Utilizo una fotografía que me ha llegado a través de un correo electrónico, lo que significa que es muy probable que la conozca ya muchísima gente. No obstante, observándola, me ha apetecido escribir un pequeño comentario.
Ayer, domingo, estuve por la mañana en la cuesta de Moyano. Para los no madrileños debería explicar que se trata de una calle corta y empinada (ahora peatonal) por la que puede accederse al parque de El Retiro desde Atocha. Por el lado que linda con el Jardín Botánico, junto a la verja, se alinean unas casetas de madera donde se venden libros desde hace aproximadamente cien años, la mayoría de segunda mano (o tercera, o cuarta, o quinta…) Hacía un frío terrible, a pesar de lo cual la animación era grande entre los puestos de madera y gente de todo tipo y edad rebuscaba entre los libros para encontrar el que andaban buscando, u otro que no buscaban pero que también les apetecía. Algunas personas llevaban bolsas en bandolera, que iban cargando poco a poco. Nadie pedia nada a cambio y solo en una ocasión vi a un tipo regateando con el vendedor.

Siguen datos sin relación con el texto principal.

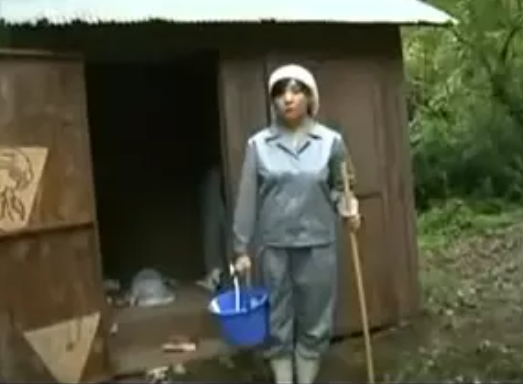 【ヘンリー塚本】「私は便器女…クサイ部屋でおフェラするのが仕事…」エロ巨尻なおばさんが公園トイレでワイセツ行為！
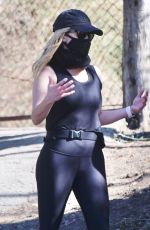 REESE WOITHERSPOON Out Hiking in Los Angeles 02/17/2021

Ascender y/o descender por la cuesta de Moyano es un rito antiguo, parsimonioso, al que muchos madrileños nos entregamos. A veces, un descubrimiento inesperado te hace soltar una exclamación; la mayoría de las ocasiones te conformas con remover toda esa vida que duerme entre las páginas polvorientas de los libros amontonados. Libros ya curtidos porque han tenido que soportar nevadas, lluvias, vientos y esos calores tórridos de los veranos de Madrid. Compres o no compres, siempre te vas con una sensación agradable en el cuerpo y con la certeza de que volverás a las primeras de cambio. Por fortuna, a ninguno de los libreros de la cuesta de Moyano se le ha ocurrido regalar unas bragas por la compra de tres libros.